Michael McEachern McDowell (June 1, 1950 – December 27, 1999) was an American novelist and screenwriter described by author Stephen King as "the finest writer of paperback originals in America today". His best-known work is the screenplay for the Tim Burton film Beetlejuice.

Personal life

McDowell was born in 1950 in Enterprise, Alabama, and graduated from T.R. Miller High in Brewton, Alabama. He received a B.A. and an M.A. from Harvard College, and a Ph.D in English from Brandeis University in 1978, based on a dissertation entitled "American Attitudes Toward Death, 1825–1865".

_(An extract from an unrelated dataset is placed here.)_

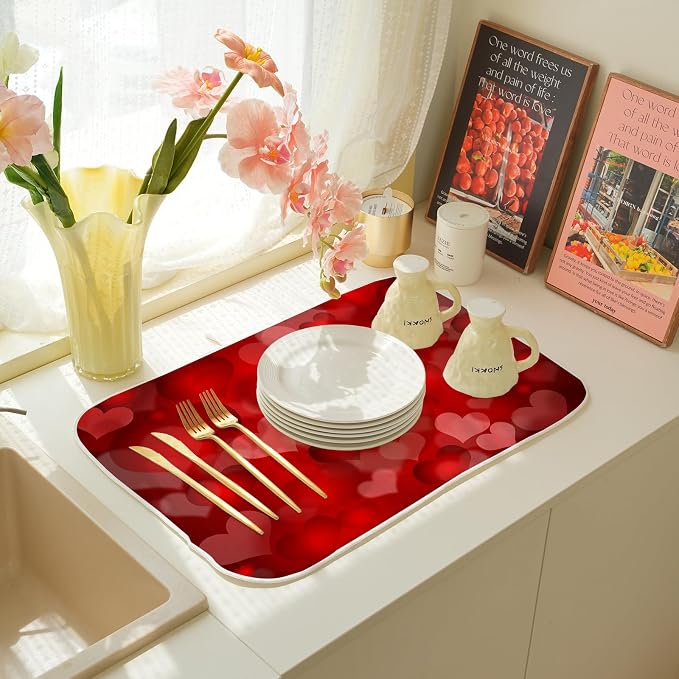 Red Valentines Dish Drying Mat 18x24 Inch Red Hearts Dish Drainer Protector Pad - Image 6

McDowell lived in Medford, Massachusetts, and maintained a residence in Hollywood with his sister Ann and the filmmaker Peter Lake. He also had one brother, James. McDowell's partner was theatre historian and director Laurence Senelick, whom he met in 1969 when McDowell was a cast member of the Senelick-directed play, Bartholomew Fair. McDowell and Senelick remained together for thirty years until McDowell's death.

McDowell specialized in collecting death memorabilia. His extensive and diverse collection, which reportedly filled over seventy-six boxes, included items such as death pins, photographs and plaques from infant caskets. After his death, the collection was acquired by Chicago's Northwestern University, where it went on display in 2013.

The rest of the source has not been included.